Role of the Ubiquitin System in Neuropathic Pain

Mechanism of Ubiquitination in Neuropathic Pain

Protein ubiquitination plays a crucial role in the development of NP (Lai et al., 2016). This function is achieved by ubiquitination-modified protein receptors and ion channels to affect synaptic activity and efficiency.
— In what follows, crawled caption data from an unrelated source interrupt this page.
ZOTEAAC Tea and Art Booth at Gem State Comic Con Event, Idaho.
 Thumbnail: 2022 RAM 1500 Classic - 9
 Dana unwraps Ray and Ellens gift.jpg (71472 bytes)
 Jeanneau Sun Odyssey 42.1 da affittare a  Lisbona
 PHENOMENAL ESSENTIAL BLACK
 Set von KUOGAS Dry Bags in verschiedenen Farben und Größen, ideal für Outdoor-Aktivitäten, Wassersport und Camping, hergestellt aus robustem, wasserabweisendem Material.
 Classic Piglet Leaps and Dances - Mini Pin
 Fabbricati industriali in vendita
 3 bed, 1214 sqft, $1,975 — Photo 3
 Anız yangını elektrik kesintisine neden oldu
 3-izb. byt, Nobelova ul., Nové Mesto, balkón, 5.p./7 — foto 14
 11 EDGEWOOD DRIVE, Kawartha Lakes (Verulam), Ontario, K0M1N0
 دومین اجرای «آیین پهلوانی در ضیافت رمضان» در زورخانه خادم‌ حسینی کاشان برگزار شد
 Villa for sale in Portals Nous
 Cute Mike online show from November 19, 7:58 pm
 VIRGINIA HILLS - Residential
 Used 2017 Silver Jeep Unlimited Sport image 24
NP associated with ubiquitination partly works by regulating signal transduction pathways. The transient receptor potential vanilloid-1 (TRPV1), a member of the transient receptor potential (TRP) family, is considered a therapeutic target for pain relief (Caterina et al., 1997). TRPV1 promotes the ubiquitination of epidermal growth factor receptor (EGFR) in cells and regulates EGFR/mitogen-activated protein kinase (MAPK) signaling through the lysosomal degradation pathway, leading to increased cytoplasmic translocation and degradation of EGFR, and then downregulation of EGFR level. It responds to harmful stimuli from afferent nerve terminals and participates in pain and inflammation (Huang et al., 2020). Lysine ubiquitination is a signal for the transport and degradation of G protein-coupled receptors. Short-term stimulation of substance P (SP) can induce the endocytosis and circulation of the neurokinin-1 receptor (NK1R). Chronic stimulation of SP induces the ubiquitination of lysine residues in NK1R cells, which mediates its degradation and downregulation. In this process, tachykinin is released continuously and prevents nociceptive signals (Cottrell et al., 2006). In addition, tumor necrosis factor-alpha (TNF-α) influences the development of NP through the ring finger protein (RNF20)/histone H2B monoubiquitination (H2Bub)/RNA polymerase II (pRNAPII)/metabotropic glutamate receptors (mGluR5) signal transduction cascade. Specifically, TNF-α-induced RNF20-driven H2B monoubiquitination can promote dorsal horn phosphorylated RNAPII-dependent mGluR5 transcription, affecting protein ubiquitination and degradation (Lai et al., 2016). Tumor necrosis factor receptor-associated factor 2 (TRAF2) and NcK-interacting kinase (TNIK) are enhanced, and the TNIK is coupled to glutamate receptor (GluR1) after nerve injury. TRAF2 is regulated by F-box protein 3 (Fbxo3) and ubiquitination of leucine-rich repeat protein 2 (Fbxl2). Thus, Fbxo3-dependent Fbxl2 ubiquitination and degradation participate in the development of NP by upregulating TRAF2/TNIK/GluR1 signaling (Lin et al., 2015). Studies have demonstrated that TRAF6 has E3 ligase activity; the inhibition of TRAF6 expression can effectively relieve SNL-induced NP. Taken together, the results suggest that TRAF6 serves an important role in NP progression and pathogenesis; the exact mechanism remains to be elucidated (Dou et al., 2018).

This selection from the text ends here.